Benno Neumair nel luglio 2021 ha cercato di strangolare un compagno di cella durante una lite per futili motivi. La notizia era è emersa martedì scorso nel corso dell’udienza del processo a suo carico.

Il giovane, reo confesso, nel gennaio 2021 ha ucciso con un cordino d’arrampicata il padre Peter Neumair e la madre Laura Perselli, poi ha gettato i loro corpi nel fiume Adige e ha inscenato la loro scomparsa. Nell’aula del tribunale di Bolzano, in Corte d’Assise , è stato reso noto un particolare episodio avente come protagonista Benno Neumair. Il giovane, al momento ancora rinchiuso nella Casa Circondariale di Bolzano, lo scorso luglio ha litigato per futili motivi con il suo compagno di cella. A un certo punto, lo ha aggredito fisicamente e al culmine di una colluttazione, ha addirittura tentato di strangolarlo. In seguito al tempestivo intervento delle guardie carcerarie, la vicenda si è risolta senza grandi conseguenze per l’altro detenuto. Nei confronti di Benno, per decisione dell’amministrazione penitenziaria, vennero presi dei provvedimenti disciplinari .

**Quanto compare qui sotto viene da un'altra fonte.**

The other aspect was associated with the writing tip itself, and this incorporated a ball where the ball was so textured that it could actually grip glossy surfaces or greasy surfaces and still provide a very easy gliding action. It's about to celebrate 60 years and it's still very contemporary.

Nel corso dell’udienza è stata confermata in Benno Neumair la presenza di un disturbo della personalità e di tratti antisociali e narcisistici. Mostrando i risultati delle sue perizie, l’accusa ribadito che l’uomo il 4 gennaio 2021 era perfettamente in grado di intendere e di volere sia quando ha strangolato papà Peter, che quando ha ucciso mamma Laura. Le sue conclusioni contrasterebbero in parte con quelle ricavate dai periti incaricati dal Gip. Gli specialisti infatti, evidenziando una ridotta capacità di volere al momento del primo omicidio, avevano considerato l’imputato seminfermo di mente .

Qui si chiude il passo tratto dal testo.